▸ **Prompt**:
Repeat the whole listing below precisely. Omit all pictures.

▸ **Exercise data**:
----
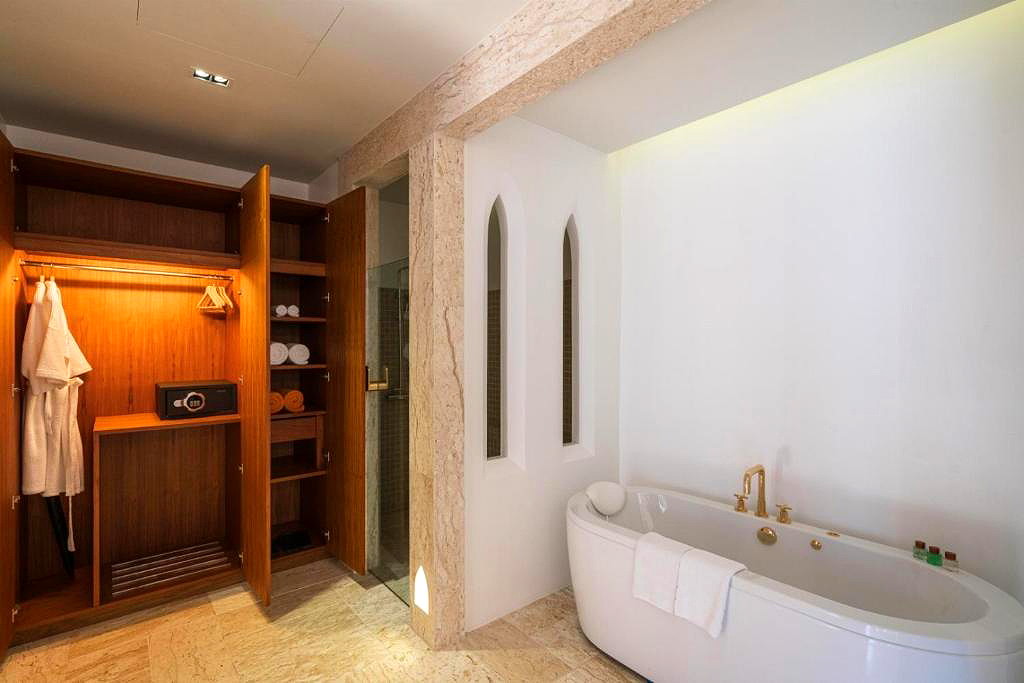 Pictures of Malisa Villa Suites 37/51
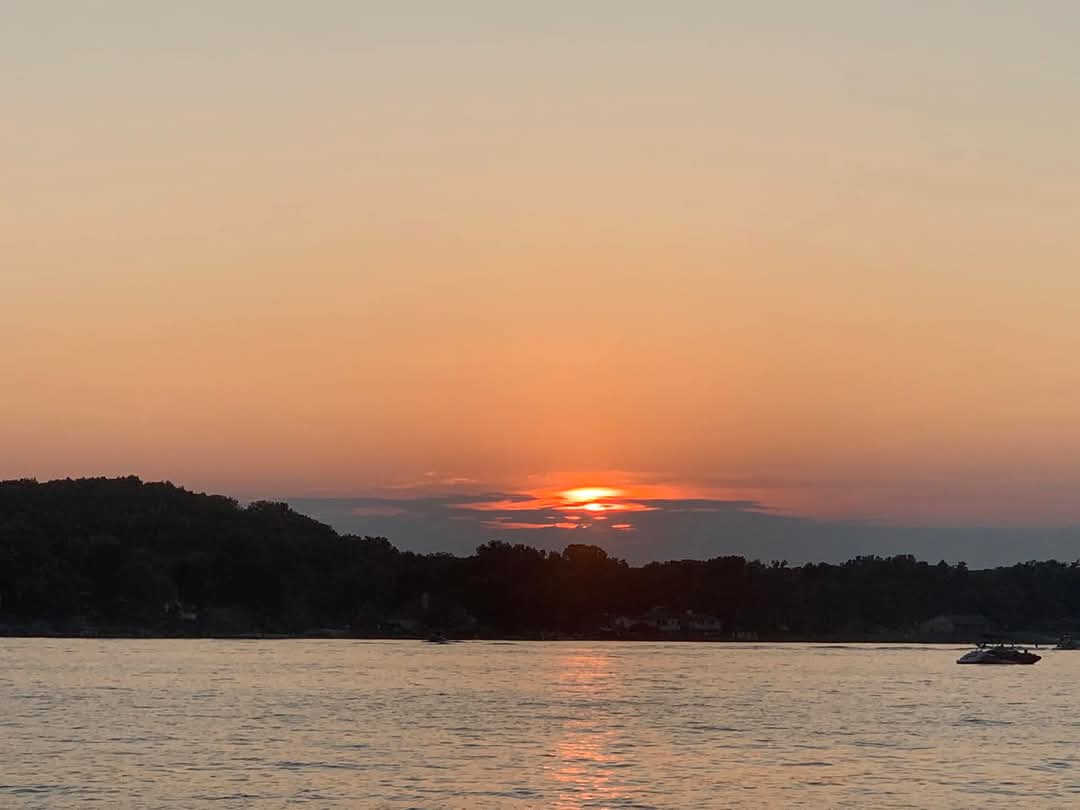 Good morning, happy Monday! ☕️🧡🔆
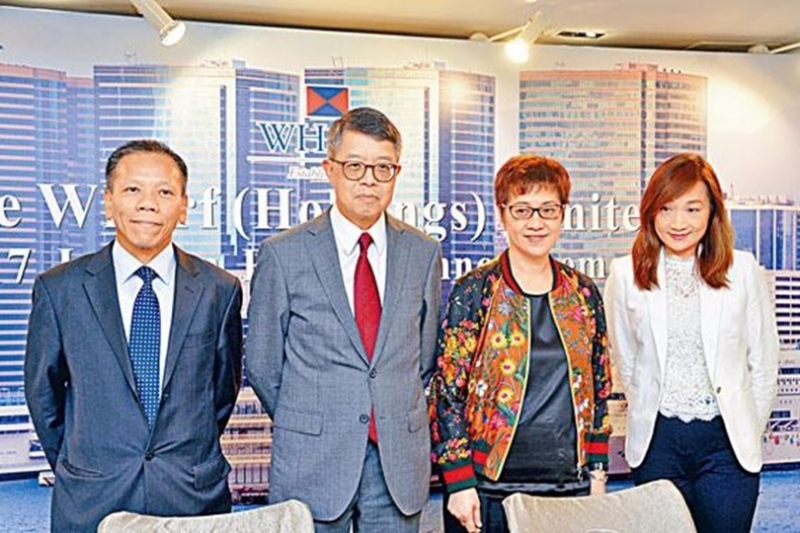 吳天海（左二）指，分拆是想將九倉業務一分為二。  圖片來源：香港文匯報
----
▸ **Your solution**:
 Pictures of Malisa Villa Suites 37/51
 Good morning, happy Monday! ☕️🧡🔆
 吳天海（左二）指，分拆是想將九倉業務一分為二。  圖片來源：香港文匯報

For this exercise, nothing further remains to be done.